# What to do
Every line from the one containing "1 Franklin St # 2014" to the end of the records below should be returned exactly; pictures are to be dropped.

Image-text web data
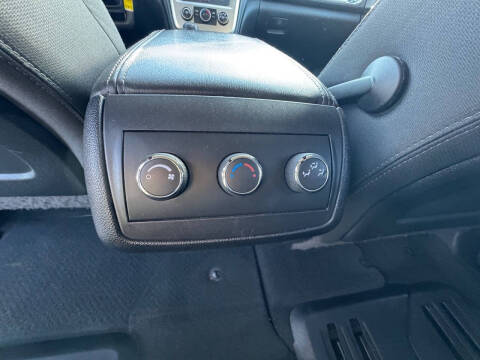 2015 GMC Acadia SLE-2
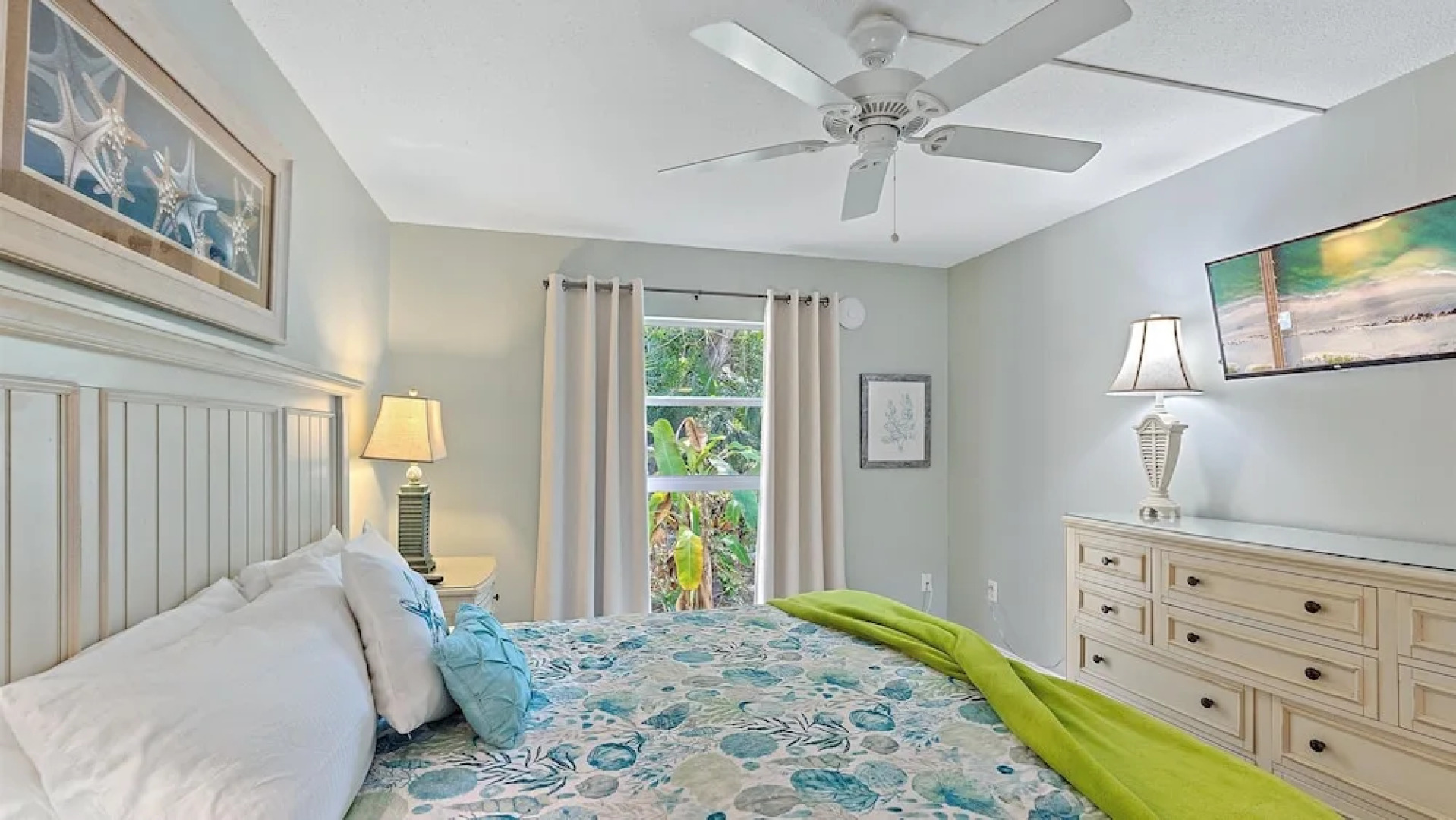 Pura Vida Two 2 Bedroom Condo by RedAwning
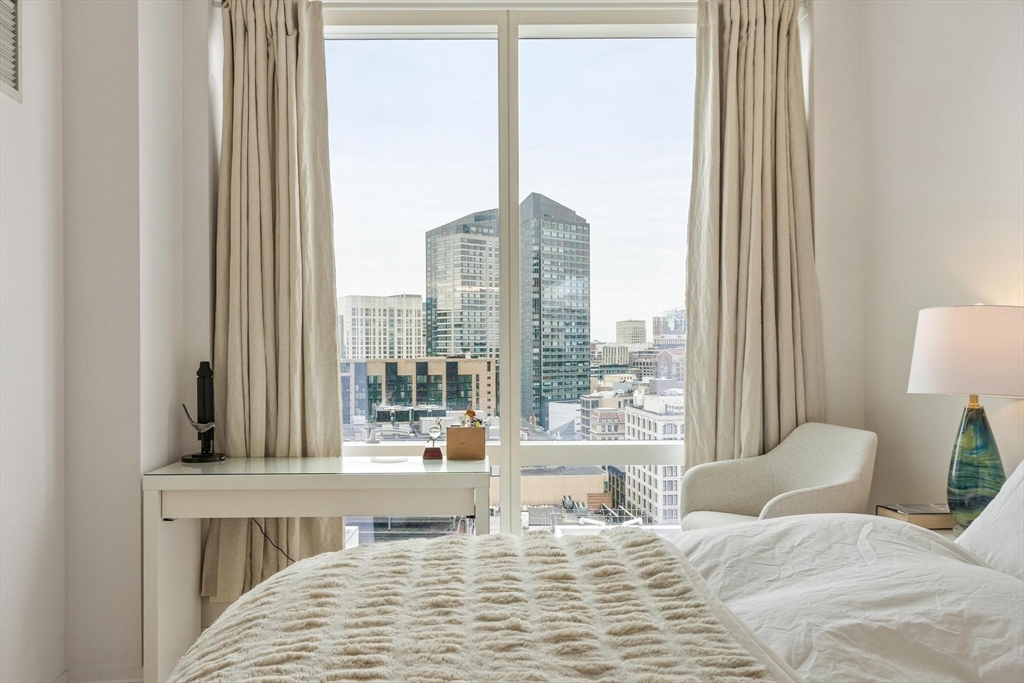 1 Franklin St # 2014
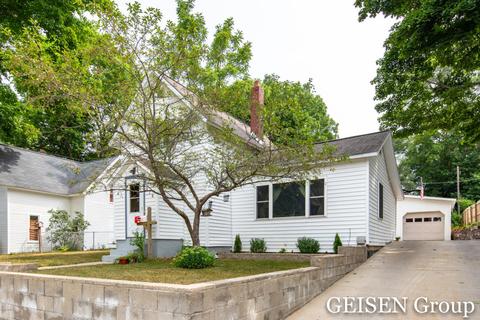616 S Pleasant St, Belding, MI 48809 photo 2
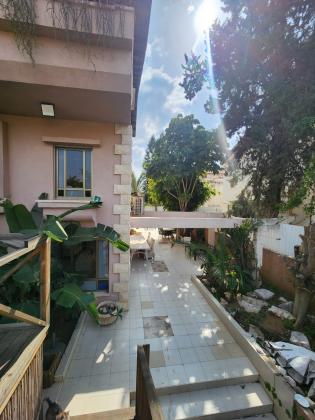 בשכונת קרית גנים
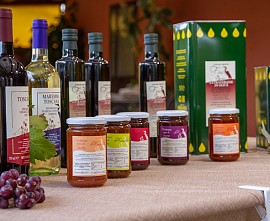 Agriturismo con prodotti tipici e confetture di frutta a Magliano in Toscana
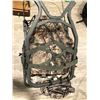Image 4 : Camo Hunting Tree Rest / Seat - w/ Straps & Hardware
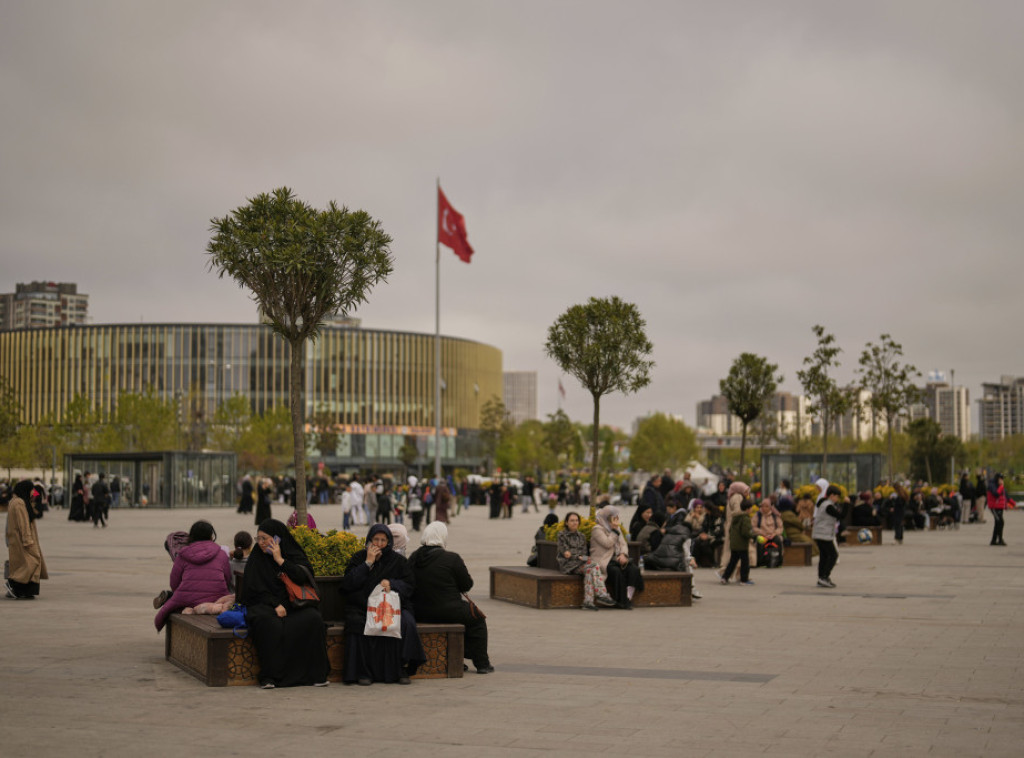 Ministar: Više od hiljadu zgrada manje oštećeno u zemljotresu u Istanbulu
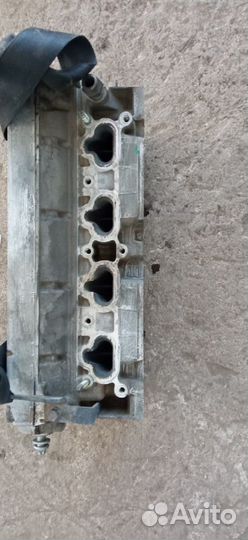 Головка двигателя на Пежо 406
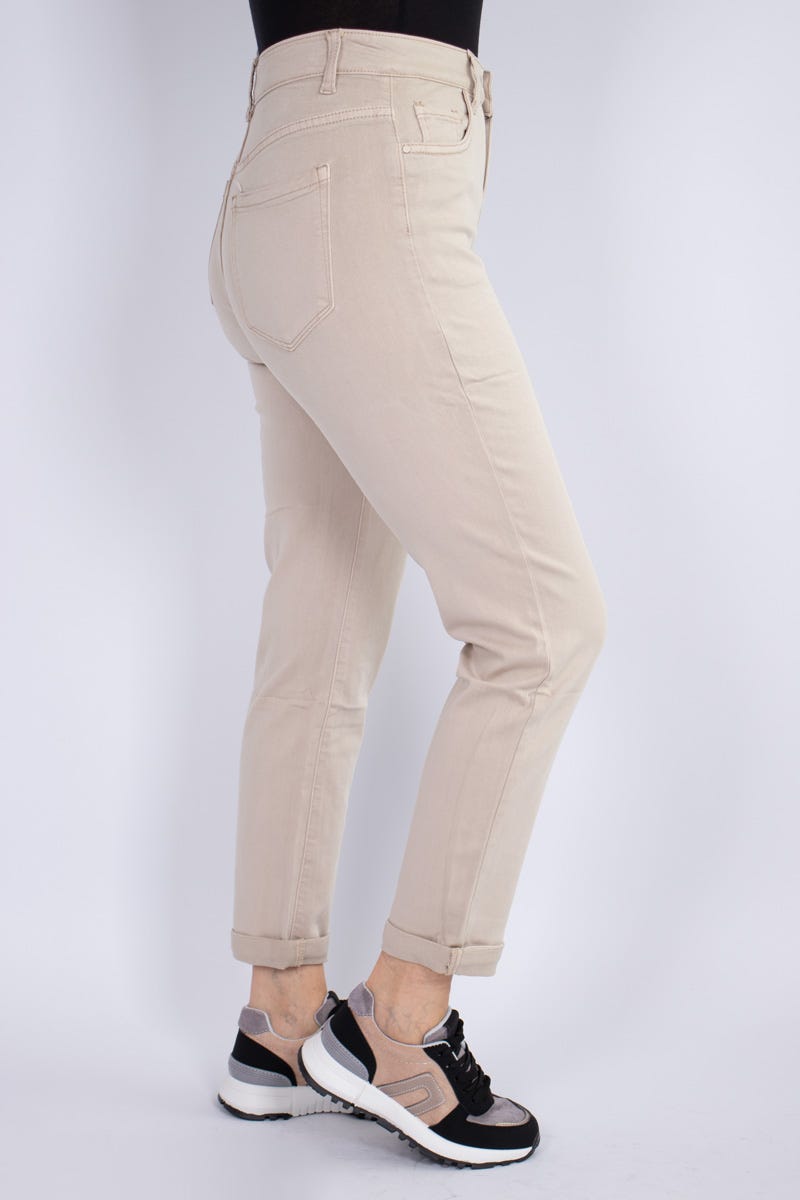 Jeans m. uppvikta ben, Beige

# Expected output
 1 Franklin St # 2014
616 S Pleasant St, Belding, MI 48809 photo 2
 בשכונת קרית גנים
 Agriturismo con prodotti tipici e confetture di frutta a Magliano in Toscana
Image 4 : Camo Hunting Tree Rest / Seat - w/ Straps & Hardware
 Ministar: Više od hiljadu zgrada manje oštećeno u zemljotresu u Istanbulu
 Головка двигателя на Пежо 406
 Jeans m. uppvikta ben, Beige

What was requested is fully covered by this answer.